John Boyle

Personal information
- Full name: John Boyle
- Date of birth: 25 December 1946 (age 79)
- Place of birth: Motherwell, Scotland
- Position: Midfielder

Youth career
- 1961–1964: Chelsea

Senior career*
- Years: Team / Apps / (Gls)
- 1964–1973: Chelsea / 198 / (10)
- 1973: → Brighton & Hove Albion (loan) / 10 / (0)
- 1973–1975: Orient / 18 / (0)
- 1975: Tampa Bay Rowdies (indoor) / 4 / (0)
- 1975: Tampa Bay Rowdies / 21 / (3)
- Total:  / 261 / (13)

Managerial career
- 1977: Tampa Bay Rowdies

= John Boyle (footballer, born 1946) =

Scottish footballer

John Boyle (born 25 December 1946) is a Scottish former footballer who played during the 1960s and 1970s.

Born in Motherwell, he signed for London club Chelsea as a 15-year-old whilst on holiday in the city.
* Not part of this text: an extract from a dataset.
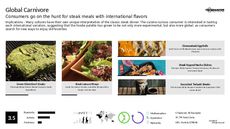 Steak Trend Report Research Insight 3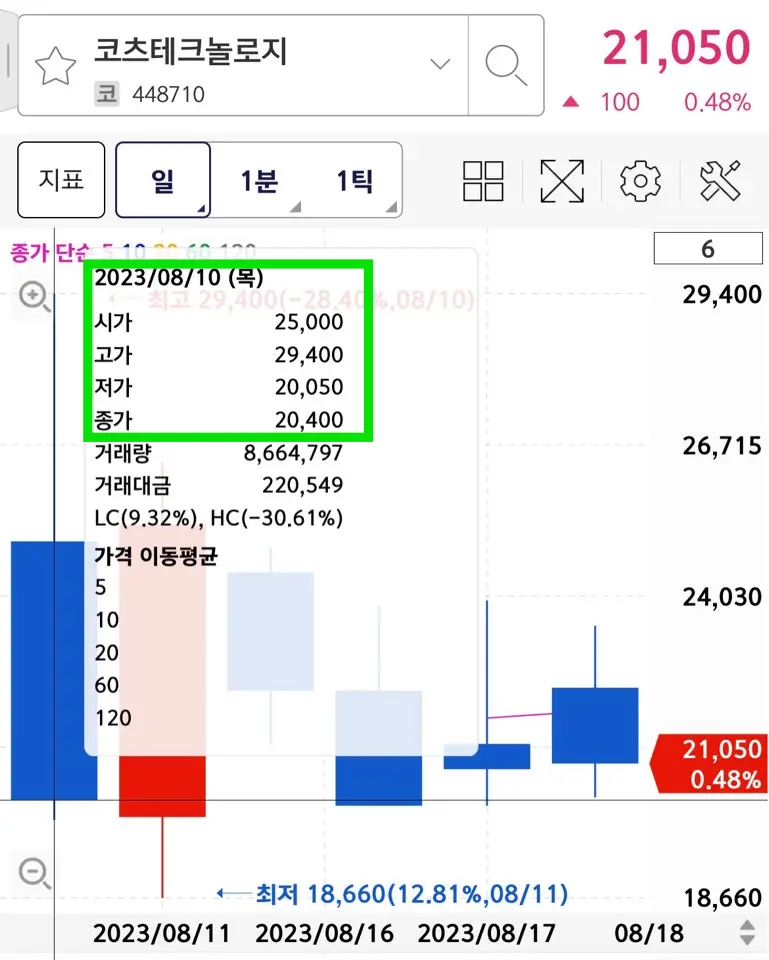 스마트레이더시스템 상장일 주가 전망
Boyle was one of the lesser-known, but nevertheless important, members of the successful Chelsea side of the period, usually playing in the midfield ball-winner role. He made his Chelsea debut in a League Cup semi-final against Aston Villa and ultimately picked up a winners' medal in that competition the same year after playing in Chelsea's two-legged final victory over Leicester City.

He played in Chelsea's FA Cup final loss to Tottenham Hotspur two years later but missed out due to injury when they won their FA Cup final against Leeds United in 1970. He made amends the following season, playing in both matches of Chelsea's successful Cup Winners' Cup final against Real Madrid in Athens.

Boyle spent two months on loan at Brighton & Hove Albion before leaving Chelsea in December 1973 to sign for Orient. He then joined the North American Soccer League expansion side Tampa Bay Rowdies in February 1975 just ahead of their indoor campaign. He captained Tampa Bay to a runner-up finish in the 1975 NASL Indoor tournament in March, and in August to victory in Soccer Bowl '75. Boyle retired in late 1975 and later had a brief spell coaching the Rowdies in 1977 after Eddie Firmani abruptly resigned from the post.